Para pembebas macam orang-orang Yunani, Romawi, bahkan kolonial Amerika dalam kenyataannya juga memiliki budak-budak. Dalam berbagai zaman, ideal kemanusiaan nyatanya kerap tidak memperhitungkan kaum perempuan; menyingkirkan mereka yang tidak berbahasa Yunani, Latin, atau Inggris. Merendahkan yang tidak berkulit putih, menelantarkan anak-anak, dan seterusnya.
Menyiangi persoalan
Perspektif pascamodern telah dengan telak mengkritik dan membongkar berbagai bentuk ”humanisme” juga. Secara teoretis, misalnya, humanisme telah dianggap terlampau antroposentris dan merupakan agen utama pengusung universalisme.
Universalisme tak lain daripada imperialisme terselubung; bersifat individualistis, falosentris, kepanjangan dari ideologi kaum borjuis, dan sebagainya.
Dalam kenyataannya, manusia kini hanyalah produk mesin sejarah dan barang mainan gurita konglomerasi raksasa. Sementara itu, di dunia non-Barat humanisme kerap dianggap biang keladi individualisme, dan di bidang keagamaan dituding sebagai penyebab pemurtadan.
Meski demikian, kendati air bekas mandi bayi memang kotor, kita toh tak perlu membuangnya sekaligus dengan bayinya.
Bermacam bentuk humanisme adalah upaya-upaya dalam beragam konteks untuk senantiasa melihat manusia sebagai pusat gravitasi yang tak pernah bisa diabaikan. Sistem-sistem hukum modern yang penting, demokrasi, pemberdayaan masyarakat sipil, norma-norma kinerja birokrasi, adalah beberapa saja dari banyak prestasi yang telah lahir dari berbagai bentuk humanisme.
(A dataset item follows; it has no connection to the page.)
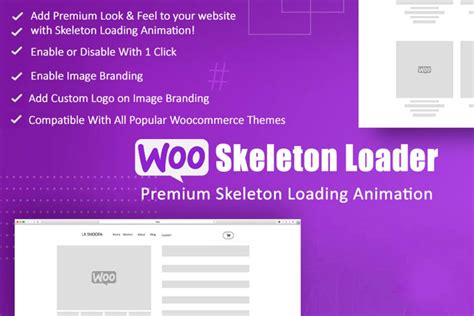 Image result for Skeleton Shimmer Graph Loading Image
Di sisi lain, dalam dunia yang kian terancam fanatisme kelompok dengan tendensi penghukuman semena-mena terhadap segala pihak yang ”lain”, hanya bentuk-bentuk humanisme pulalah yang merupakan alternatif-alternatif paling menarik.
Humanisme kini
Masalahnya hanyalah bahwa kini humanisme lebih baik, tak lagi dilihat dari posisi subyek (manusia) sebagai pusat gravitasi. Mengambil inspirasi dari fenomenologi Levinasian dan poststrukturalisme Foucauldian, humanisme kini dapat berangkat dari ”yang Lain” atau ”Liyan” dan berbagai struktur luaran, yang memungkinkan aku menemukan diriku sebagai subyek.
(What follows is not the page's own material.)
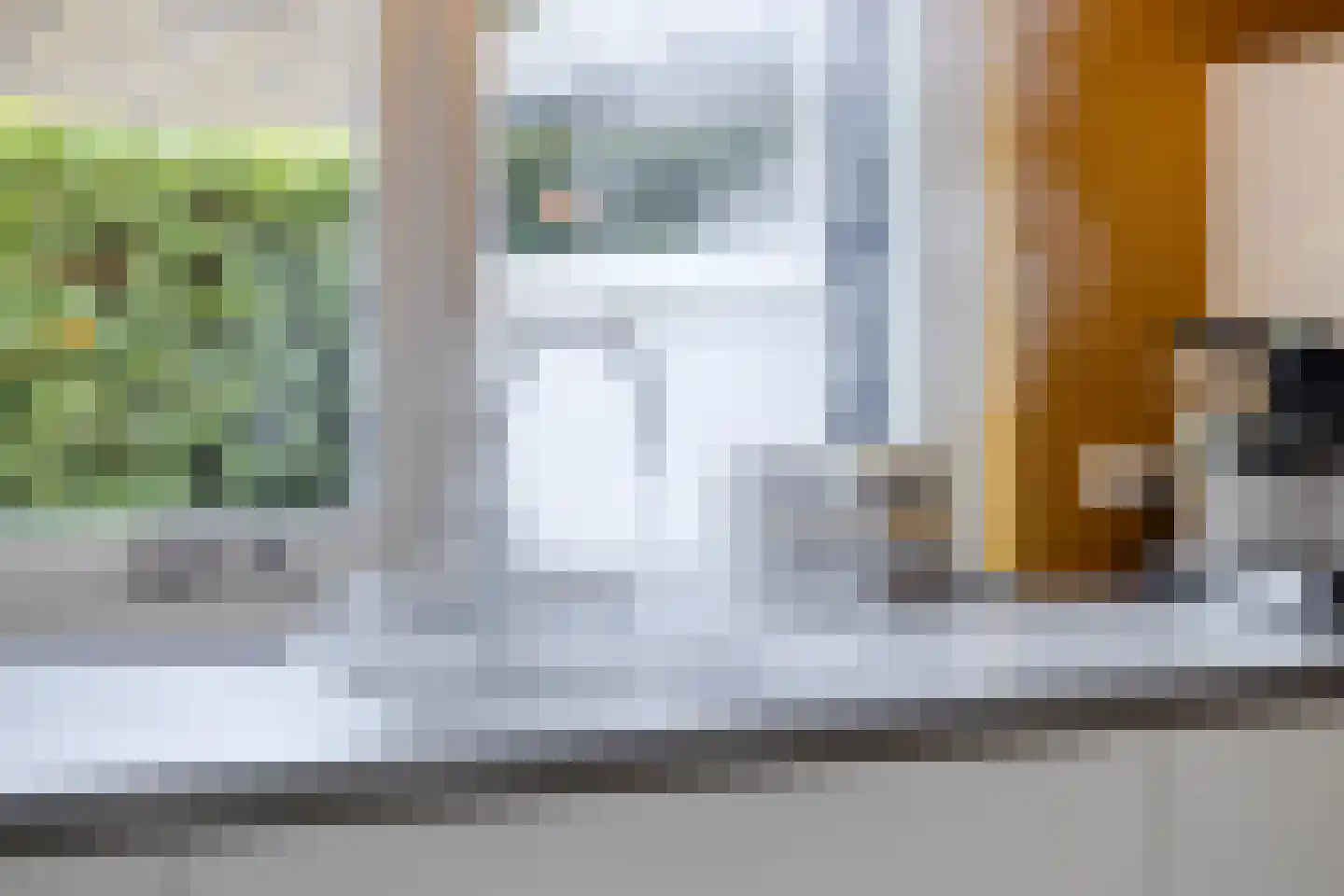 Paaskamp 1 Roden thumbnail 27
Dalam kerangka macam ini, kemanusiaan lantas bukanlah esensi bukan pula tujuan, melainkan proses yang berkesinambungan. Humanisme adalah proses yang dinamis untuk memahami apa artinya menjadi manusia, melalui hubungan dan dinamika perbedaan.
Meski demikian, paradoksnya, humanisme sekaligus adalah juga proses mempertahankan sikap kritis terus-menerus di hadapan segala otoritas luaran yang memaksakan kehendaknya tanpa alasan yang jelas.
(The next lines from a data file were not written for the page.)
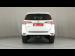 Toyota Fortuner 2.8GD-6 Epic - Thumbnail 5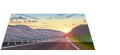 kamvas2019-pro20-gap-pic.png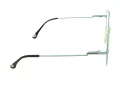Berkeley Glasögon BB 705002 C4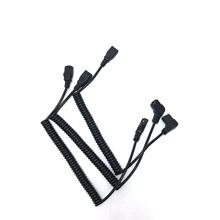 �����ɲ�C�ú�ɫ���ɾ��G�h�CPU�Դ�B�Ӿ���������ݙC������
Sikap kritis-otonom macam itu pulalah sebenarnya yang sepanjang zaman telah melindungi martabat manusia dari segala bentuk manipulasi, penjajahan, dan kesewenangan oleh sistem-sistem kekuasaan.
Sikap kritis, dan terutama oto-kritik, ini pula yang akan mencegah ideal-ideal kemanusiaan menimbulkan banyak korban, dan membimbing spesies manusia pada kematangan evolusinya.
* Bambang Sugiharto, Guru Besar Filsafat di Universitas Parahyangan, Bandung, dan Institut Teknologi Bandung (ITB), Editor Buku Humanisme dan Humaniora: Relevansinya bagi Pendidikan (Jalasutra, 2008)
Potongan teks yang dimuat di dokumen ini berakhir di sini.